GPU Shading languages do not support recursive function calls. This is a problem for path-tracing, which is generally described as a recursive algorithm. Luckily, path-tracing is tail-recursive, which means it can be reframed as an iterative algorithm. The iterative version of path-tracing traverses a path-tree, using either a stack or a queue. For a single pixel with a bounce limit of 2, the path-tree might look like this:

https://s3-us-west-2.amazonaws.com/secure.notion-static.com/78d4a80a-6698-4cfa-86b8-18f17071ae4b/image.png

And some naive GLSL code to trace a 2-bounce path-tree would look something like this:

vec3 Pathtrace(vec3 origin, vec3 direction, Surface rasterSurface) {
    vec3 outColor = vec3(0.0);
    
    vec3 ambientDir1 = GetAmbientSampleDir(direction, rasterSurface);
    vec3 ambientAbsorbtion1 = GetAmbientBRDF(direction, ambientDir1, rasterSurface) * rasterSurface.albedo;
    if (IsVisible(ambientAbsorbtion1)) {
        RayIntersection ambIntersect1 = ray_intersect(origin, ambientDir1);
        
        if (ambIntersect1.hit) {
            Surface ambSurface1 = GetSurface(ambIntersect1.data);
            outColor += ambSurface1.emissive * ambientAbsorbtion1;
            
            vec3 ambientDir2 = GetAmbientSampleDir(ambientDir1, ambSurface1);
            vec3 ambientAbsorbtion2 = GetAmbientBRDF(ambientDir1, ambientDir2, ambSurface1) * ambSurface1.albedo;
            
            if (IsVisible(ambientAbsorbtion2)) {
                RayIntersection ambIntersect2 = ray_intersect(ambIntersect1.origin, ambientDir2);
                
                if (ambIntersect2.hit) {
                    Surface ambSurface2 = GetSurface(ambIntersect2.data);
                    outColor += ambSurface2.emissive * ambientAbsorbtion2;
                } else {
                    outColor += GetSkyColor(ambIntersect1.origin, ambientDir2) * ambientAbsorbtion2;
                }
            }
            
            vec3 specularDir2 = GetSpecularSampleDir(ambientDir1, ambSurface1);
            vec3 specularAbsorbtion2 = GetSpecularBRDF(ambientDir1, specularDir2, ambSurface1) * ambSurface1.albedo;
            
            if (IsVisible(specularAbsorbtion2)) {
                RayIntersection specIntersect2 = ray_intersect(ambIntersect1.origin, specularDir2);
                
                if (specIntersect2.hit) {
                    Surface specSurface2 = GetSurface(specIntersect2.data);
                    outColor += specSurface2.emissive * specularAbsorbtion2;
                } else {
                    outColor += GetSkyColor(ambIntersect1.origin, specularDir2) * specularAbsorbtion2;
                }
            }
        } else {
            outColor += GetSkyColor(origin, ambientDir1) * ambientAbsorbtion1;
        }
    }
    
    // Now do the entire thing again for the specular side of the tree
    ...
    
    return outColor;
}

There are a lot of problems with this naive method. It effectively bakes a depth-first traversal of the tree statically into the code. This means that the lines of code have to be multiplied for every additional bounce we want to allow. Furthermore, this code has terrible branching capabilities, since every node is a distinct line of code, every thread in a warp has to wait on the worst-case of all the threads in that warp. Imagine trying to implement this tree using the naive method:

https://s3-us-west-2.amazonaws.com/secure.notion-static.com/00ecccc4-a8e2-418c-a46e-7e5757faafff/image.png

The escaped pixels for 1 bounce of ambient light. Almost none of the threads that computed these pixels will be able to move on to productive work.

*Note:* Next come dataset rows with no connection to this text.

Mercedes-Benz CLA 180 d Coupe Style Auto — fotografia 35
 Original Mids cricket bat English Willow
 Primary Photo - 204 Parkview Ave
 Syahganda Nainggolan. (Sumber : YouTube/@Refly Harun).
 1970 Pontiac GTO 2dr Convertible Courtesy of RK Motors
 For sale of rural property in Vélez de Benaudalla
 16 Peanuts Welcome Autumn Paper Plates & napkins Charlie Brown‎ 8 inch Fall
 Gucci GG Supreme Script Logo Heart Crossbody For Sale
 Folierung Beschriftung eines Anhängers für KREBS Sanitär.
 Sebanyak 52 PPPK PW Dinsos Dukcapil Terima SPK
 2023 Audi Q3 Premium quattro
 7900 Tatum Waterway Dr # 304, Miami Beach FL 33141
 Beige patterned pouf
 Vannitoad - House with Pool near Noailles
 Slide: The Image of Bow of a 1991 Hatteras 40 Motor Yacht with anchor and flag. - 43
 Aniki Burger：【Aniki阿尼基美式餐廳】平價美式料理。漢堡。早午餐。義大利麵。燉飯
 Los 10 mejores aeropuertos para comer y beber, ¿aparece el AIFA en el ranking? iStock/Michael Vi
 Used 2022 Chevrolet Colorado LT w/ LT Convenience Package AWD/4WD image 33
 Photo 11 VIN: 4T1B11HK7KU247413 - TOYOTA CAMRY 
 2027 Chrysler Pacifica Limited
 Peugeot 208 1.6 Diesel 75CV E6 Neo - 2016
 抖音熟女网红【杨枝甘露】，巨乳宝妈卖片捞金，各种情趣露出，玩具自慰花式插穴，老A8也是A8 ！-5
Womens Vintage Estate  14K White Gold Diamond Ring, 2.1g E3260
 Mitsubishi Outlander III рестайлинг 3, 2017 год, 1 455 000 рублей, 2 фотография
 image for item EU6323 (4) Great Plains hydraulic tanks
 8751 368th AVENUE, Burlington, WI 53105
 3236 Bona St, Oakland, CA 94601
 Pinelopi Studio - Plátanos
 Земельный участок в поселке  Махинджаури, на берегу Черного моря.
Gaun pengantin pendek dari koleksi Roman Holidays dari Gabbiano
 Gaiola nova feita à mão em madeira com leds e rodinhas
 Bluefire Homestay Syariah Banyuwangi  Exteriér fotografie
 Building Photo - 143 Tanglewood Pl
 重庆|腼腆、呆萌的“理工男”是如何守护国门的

The escaped pixels for 1 bounce of ambient light. Almost none of the threads that computed these pixels will be able to move on to productive work.

Warps will be bottlenecked by the worst case of every tree that each thread has to execute. This is exasperated by the fact that monte-carlo sampling of ambient light demands that basically every pixel is random and de-correlated from its neighbors. It is statistically guaranteed that tons of threads will sit idle all the time. Parallelism is not being properly exploited.